Once again, the U.S. government’s international broadcasting is at the center of a storm of its own making. The Broadcasting Board of Governors (BBG) announced deep cuts in services for Voice of America (VOA), Radio Free Europe, and Radio Free Asia shortwave transmissions to Asia, effective end of business June 30. These cuts include programs in a slew of languages, including Persian, Azeri, Uzbek, Laotian, Vietnamese, and many others, as well as “Worldwide English,” which for decades has been a flagship broadcast helping to spread English around the world. Employees throughout VOA were in a state of shock.

Members of the House Foreign Affairs Committee, who recently voted unanimously for extensive reform of the BBG, the agency that runs U.S. civilian international broadcasting, will feel confirmed in their judgment that the BBG is acting recklessly and in defiance of sound management principles.

The cuts will allegedly amount to a total of $1.6 million and were obliquely referred to in the BBG’s 2013 budget request. Yet, because controversy inevitably follows decisions to cut or add languages, the board last year decided to conduct a thorough study of shortwave’s viability as a communication medium.

The BBG announced with some fanfare that it was creating a Special Committee for the Study of the Future of Shortwave Broadcasting, chaired by newly appointed board member Matt Armstrong. As a technology whose origins go back to the beginnings of international broadcasting in the 1940s, shortwave radio has come under competition for resources from AM and FM radio, satellite television, and web-based products for resources at the BBG.
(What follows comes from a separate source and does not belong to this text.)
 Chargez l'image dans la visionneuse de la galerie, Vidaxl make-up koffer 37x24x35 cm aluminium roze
Yet, because of the physical properties of shortwaves, they are a medium that is hard to block, and is accessible for listeners in the developing world. A thorough study of their potential and contemporary relevance was clearly needed.
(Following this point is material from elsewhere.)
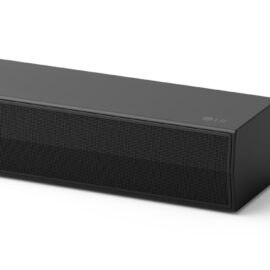 Angled view of the black LG soundbar showing the front grille and the LG logo on the right end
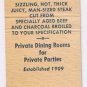 Matchbook Cover Baum's Restaurant Baltimore Saratoga St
A comment period for outside experts concluded in February; in April, Armstrong paid a fact-finding visit to the last remaining U.S. shortwave transmitting station, in Greenville, North Carolina. No report or conclusions of this committee’s work have been made public.

Putting a big chunk of U.S. shortwave broadcasting on the chopping block while the work of this committee remains under wraps is premature, and is likely to cause Members of Congress to ask again who is at the helm at the BBG. Given how important broadcasting is as a tool of U.S. foreign policy, broadcasting strategy should be both rational and transparent. Right now, it is neither.